She gathered the two containers and brought them to t
he table. Thank goodness for Robby. She’d be lost without him. “What about a pan for the beans? What does Colley use?”
The boy’s brows drew close as he concentrated. “Not sure, milady. Sometimes I seen her—”
“I’ve seen her,” she corrected.
“Good,” Robby answered. “Then you know.”
Emma chuckled. “No, no. That’s not what I meant. Your papa has said I should help you speak properly, and I was just correcting you. The right way to say that is to say ‘Sometimes I’ve seen her,’ not ‘Sometimes I seen her.’ ”
“Really? Sounds the same to me.”
“There’s a difference. I’ve seen her means that you have seen her. ‘I’ve’ is short for ‘I have.’ ”
He shrugged. “All right, then. I have seen her use two different pans to make beans. Sometimes she uses a big, deep pan with a heavy lid, but sometimes she uses the spider.”
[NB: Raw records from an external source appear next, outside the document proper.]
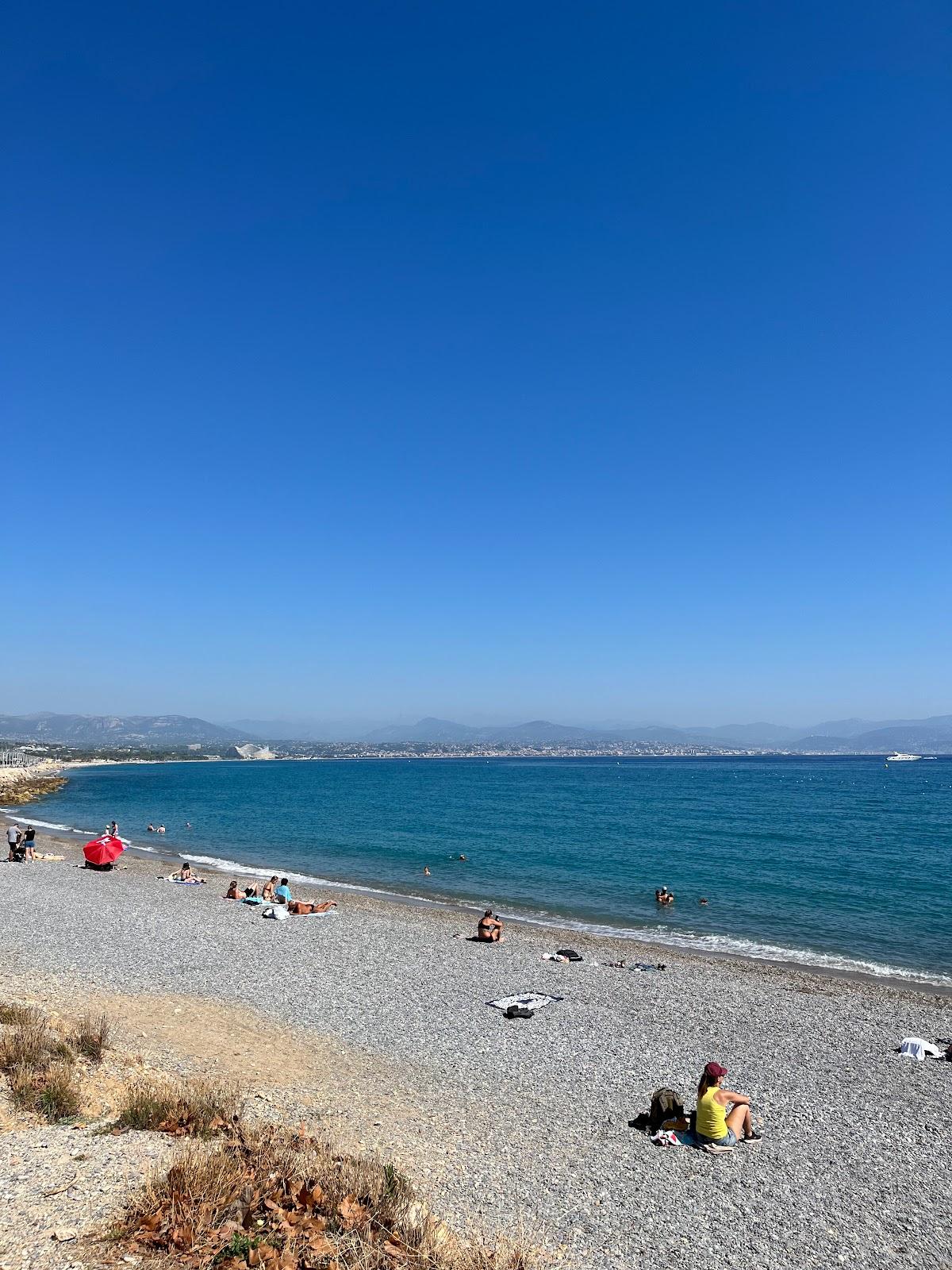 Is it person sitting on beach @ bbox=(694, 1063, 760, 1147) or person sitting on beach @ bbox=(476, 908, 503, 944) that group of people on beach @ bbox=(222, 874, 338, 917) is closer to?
person sitting on beach @ bbox=(476, 908, 503, 944)

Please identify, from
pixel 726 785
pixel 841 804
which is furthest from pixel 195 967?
pixel 726 785

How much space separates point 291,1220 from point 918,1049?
12.7 metres

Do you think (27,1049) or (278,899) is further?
(278,899)

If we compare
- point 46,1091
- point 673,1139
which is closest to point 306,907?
point 46,1091

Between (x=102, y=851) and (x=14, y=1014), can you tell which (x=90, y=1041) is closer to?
(x=14, y=1014)

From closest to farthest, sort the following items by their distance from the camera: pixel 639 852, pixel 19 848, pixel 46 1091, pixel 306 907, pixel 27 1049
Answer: pixel 46 1091
pixel 27 1049
pixel 306 907
pixel 19 848
pixel 639 852

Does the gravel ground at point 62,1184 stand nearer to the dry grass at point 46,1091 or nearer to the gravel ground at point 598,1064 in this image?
the dry grass at point 46,1091

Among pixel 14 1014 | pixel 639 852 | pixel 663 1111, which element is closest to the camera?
pixel 663 1111

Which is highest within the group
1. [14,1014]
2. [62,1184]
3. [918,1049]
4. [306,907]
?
[62,1184]

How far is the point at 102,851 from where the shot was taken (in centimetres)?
3250

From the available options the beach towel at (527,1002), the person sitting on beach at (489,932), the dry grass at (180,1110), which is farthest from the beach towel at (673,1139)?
the person sitting on beach at (489,932)

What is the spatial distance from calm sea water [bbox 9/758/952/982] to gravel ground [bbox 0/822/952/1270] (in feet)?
16.1

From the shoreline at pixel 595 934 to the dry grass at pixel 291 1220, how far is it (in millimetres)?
15596

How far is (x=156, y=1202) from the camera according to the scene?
20.0 ft
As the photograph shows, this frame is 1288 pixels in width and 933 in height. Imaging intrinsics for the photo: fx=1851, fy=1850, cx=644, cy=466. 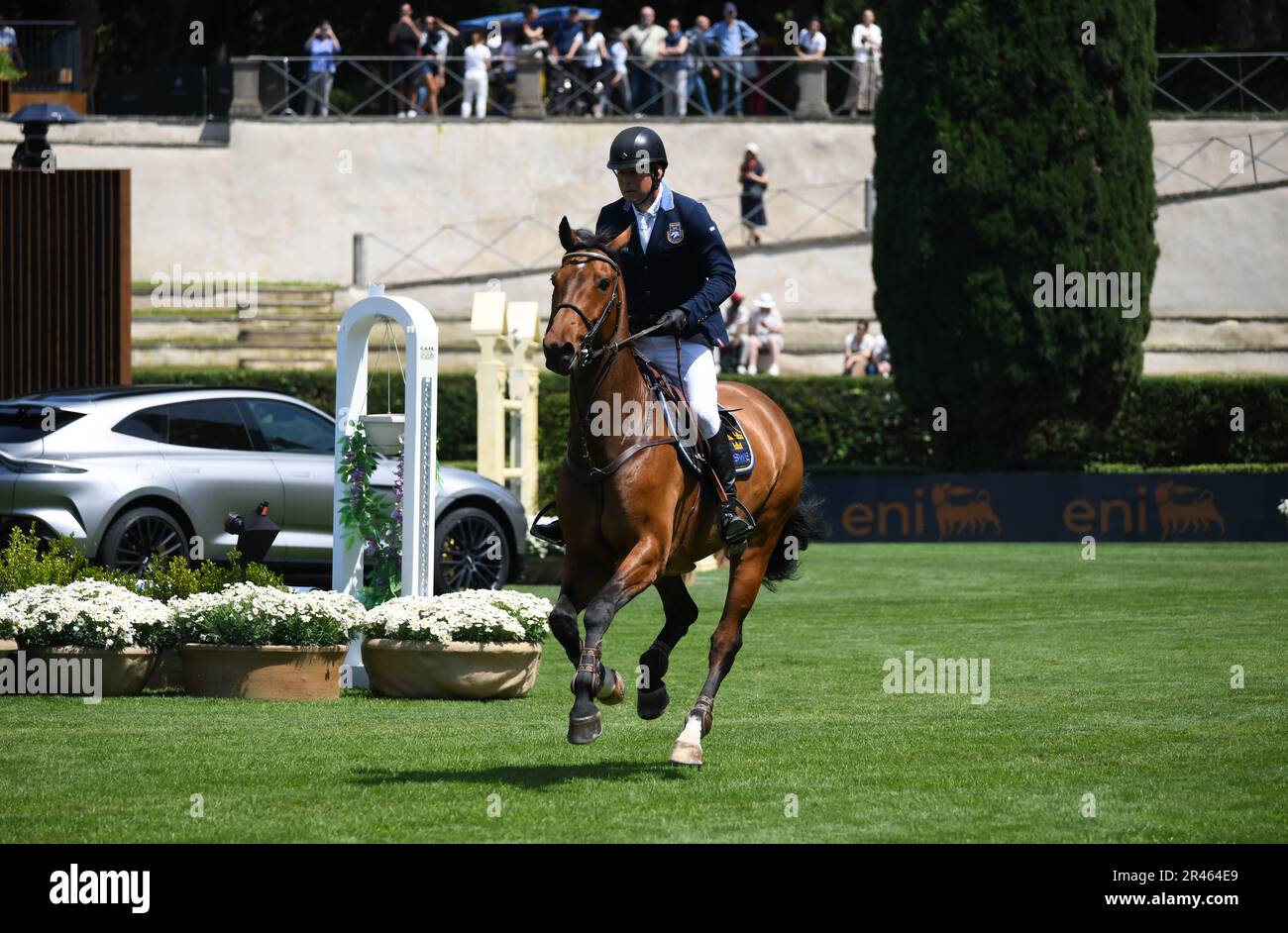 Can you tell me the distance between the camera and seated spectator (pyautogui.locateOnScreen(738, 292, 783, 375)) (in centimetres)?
3372

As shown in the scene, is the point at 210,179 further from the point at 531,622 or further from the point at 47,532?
the point at 531,622

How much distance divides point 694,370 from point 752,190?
2914cm

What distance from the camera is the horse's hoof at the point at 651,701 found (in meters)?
9.85

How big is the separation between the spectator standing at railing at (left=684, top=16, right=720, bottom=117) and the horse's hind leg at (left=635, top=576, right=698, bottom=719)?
100ft

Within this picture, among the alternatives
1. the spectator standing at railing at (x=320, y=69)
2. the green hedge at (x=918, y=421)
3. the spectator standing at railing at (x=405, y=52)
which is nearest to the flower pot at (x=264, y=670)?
the green hedge at (x=918, y=421)

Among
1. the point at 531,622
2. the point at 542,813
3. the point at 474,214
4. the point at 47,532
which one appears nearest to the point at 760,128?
the point at 474,214

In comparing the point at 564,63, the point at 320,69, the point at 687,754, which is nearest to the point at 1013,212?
the point at 564,63

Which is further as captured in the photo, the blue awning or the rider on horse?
the blue awning

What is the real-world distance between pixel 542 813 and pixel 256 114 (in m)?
34.5

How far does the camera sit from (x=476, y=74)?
39812mm

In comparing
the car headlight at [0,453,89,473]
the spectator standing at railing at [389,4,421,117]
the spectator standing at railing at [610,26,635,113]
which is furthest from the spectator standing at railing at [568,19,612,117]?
the car headlight at [0,453,89,473]

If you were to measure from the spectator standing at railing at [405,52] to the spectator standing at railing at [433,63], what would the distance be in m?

Robby pointed at the flat pan on three legs where Colley had cooked breakfast. So it was called a spider. Emma supposed the three legs looked a bit like the bug itself, although the contraption did lack five additional legs. Regardless, she would use it, since it already stood in a corner of the hearth, close enough to the coals that it should prove simple enough to scoot it over the ones mounded higher toward the center. She imagined more coals meant more heat, and the beans should cook quicker with more heat. That way, she could have the meal ready to serve the men as soon as they walked in the door.
Emma picked up her bowl of beans and walked to the spider. She tipped the crock to pour them out, and the clanking of the hard beans against the iron rang out in the room. When she figured she had enough in the pan, since the bowl had been fairly full, she returned to the table again. Time for the ’lasses, as Robby called the sweetener.
After she added a large quantity of the thick, strong-scented dark syrup to the beans, she put that jar away, and returned to the hearth, a long-handled scoop in hand. A deep, black kettle full of hot water gave off wisps of steam where it hung at one end of the iron rod across the fireplace. Filling her scoop a couple of times, Emma transferred sufficient water to the spider to make sure the molasses dissolved and the liquid covered the beans.
After another good stir, she returned to Mrs. Beeton to see if she could solve the mystery of turning flour into something as tender and flaky as a biscuit.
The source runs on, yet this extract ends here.